Portugal   Portugal 2023

Der ungewollte Palast ...


Der März 2023 neigt sich dem Ende zu: Ich habe mich mit dem LERRY wieder an den Praia da Vieira zurückgezogen, um zu schreiben. langsam wird es wieder Zeit, in nördliche Richtung nach Deutschland zu fahren ...

Noch einmal an den Strand ein paar Kilometer laufen: Barfuß im Sand ist immer zu empfehlen! Die letzten Sonnenuntergänge bewusst aufnehmen und sich bei den neuen Bekannten hier verabschieden. Natürlich muss ich versprechen, mit dem LERRYmobil auf jeden Fall wiederzukommen. Vielleicht sollte ich das hier einmal erwähnen: Ich habe in allen mit dem LERRY bereisten Ländern inzwischen nur nette Menschen kennengelernt! Alle wollen, dass "wir" wieder einmal vorbeikommen.

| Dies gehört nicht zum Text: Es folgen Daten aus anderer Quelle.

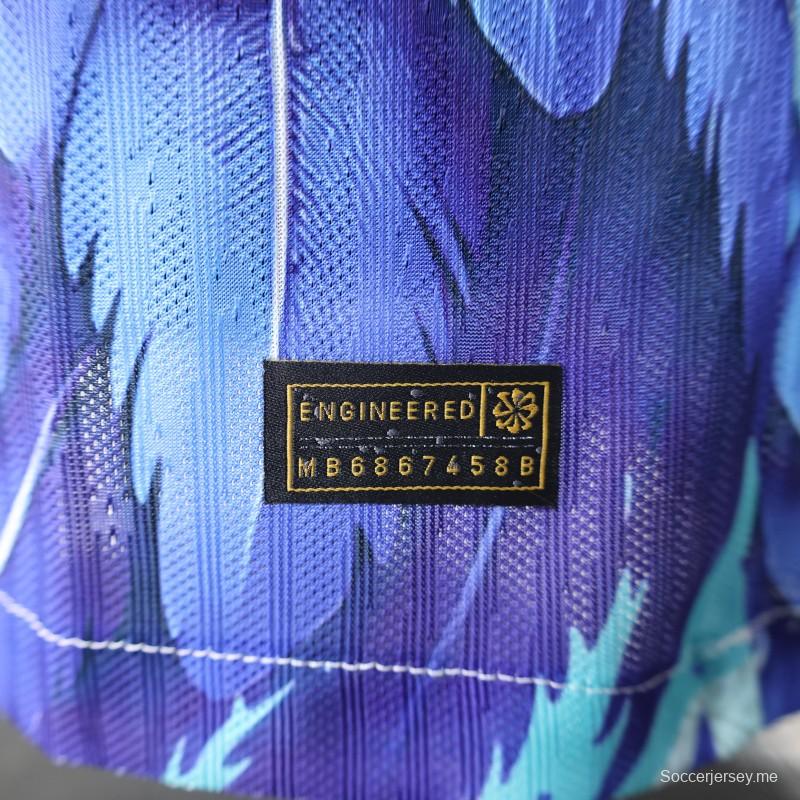 إصدار اللاعب 2025 اليابان 2025 اليابان NA ZHA الأزرق الداكن مع قميص التنين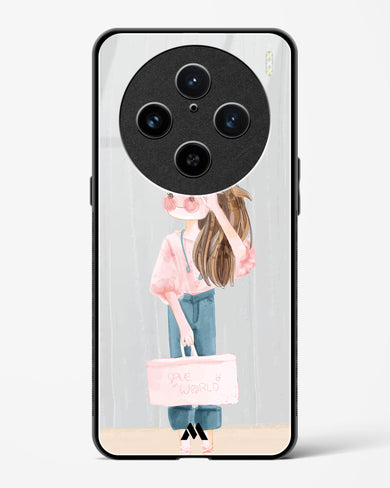 Save the World Glass Case Phone Cover (Vivo)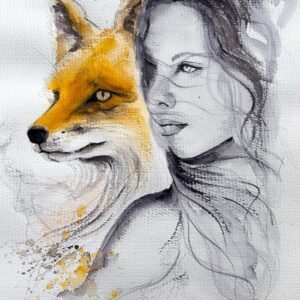 "Wild woman" | Original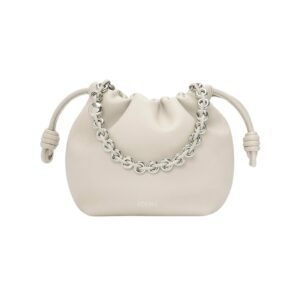 Mini Flamenco Tasche Meersalz 17 cm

Barfuß im Sand ... ... und die letzten Sonnenuntergänge bewusst aufnehmen  ...

Und das sollte wirklich nicht das Problem sein, inzwischen ist es im LERRY nämlich sehr gemütlich geworden: Eine richtig gute portugiesische Künstlerin aus dem Ort Praia da Vieira hat für die Gardinen und den Vorhang des LERRYmobils sehr schöne Haltebänder geschaffen.

Am 26. März 2023 ist es schließlich so weit. Ein Sonntag, und da erwarte ich erst einmal ein nicht so hohes Verkehrsaufkommen. Also zunächst weiter auf der auch nach Norden führenden Estrada Atlantica. Diese ganzen Flächen rechts und links sind alles Dünen. Vor dem großen Brand im Oktober 2017 gab es hier ausgedehnte Eukalyptuswälder (siehe dazu den Beitrag Vieira de Leiria. Renne! Um dein Leben!).

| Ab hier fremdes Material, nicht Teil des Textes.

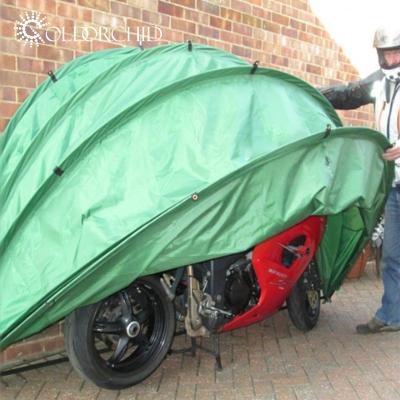 China Easy Assemble Quick Installed Bike Storage Tent Waterproof Bike Cover UV Proof Bicycle Tent for sale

Eine Künstlerin war am Werk ... Haltebänder ... ... für Gardinen und Vorhänge ...
Dünen statt abgebrannter Eukalyptuswälder ... Von Venda Nova nach Guimaraes ... Angekommen in Guimaraes ...

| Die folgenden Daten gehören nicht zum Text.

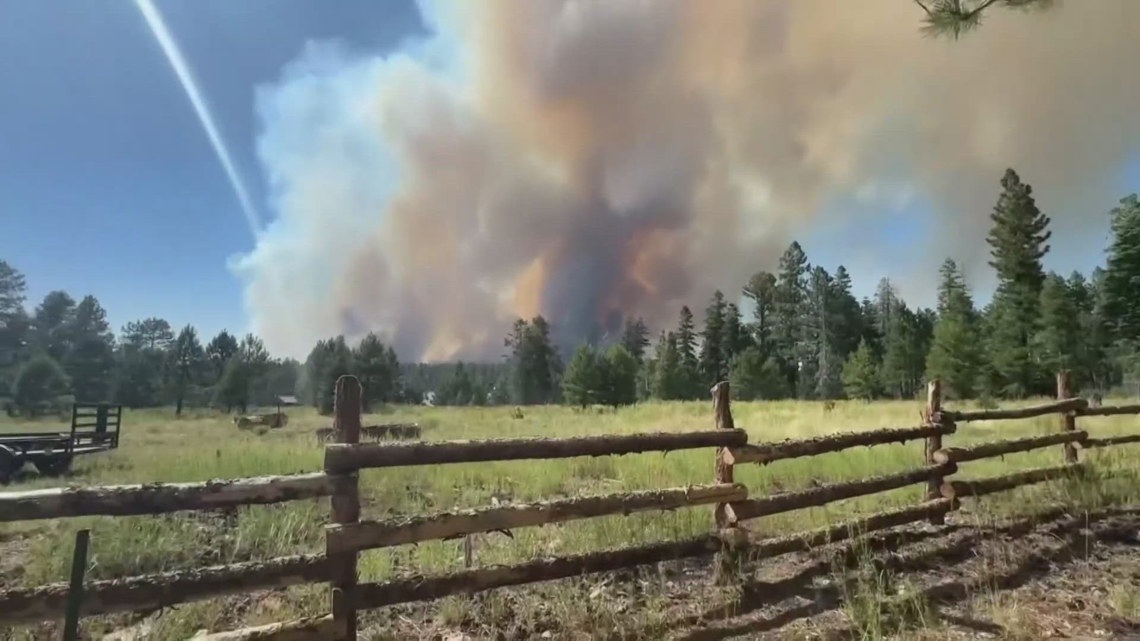 Arizona officials demand investigation of fire strategy that failed to protect historic Grand Canyon Lodge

Nach einer Nacht in dem portugiesischen Ort Venda Nova erreiche ich am Vormittag des 27. März 2023 die Stadt Guimaraes. Ich bin hier auf einen Palast aus der Zeit des portugiesischen Königreiches aufmerksam geworden, den eigentlich keiner so recht gewollt hat. Doch nun steht er da. Ich werde mir diese Immobilie einmal aus der Nähe ansehen:  Vielleicht ist sie sogar für mich geeignet, wenn ich mich einmal zur Ruhe setzen will. Das kann ich mir aber, so wie ich mich kenne, kaum vorstellen!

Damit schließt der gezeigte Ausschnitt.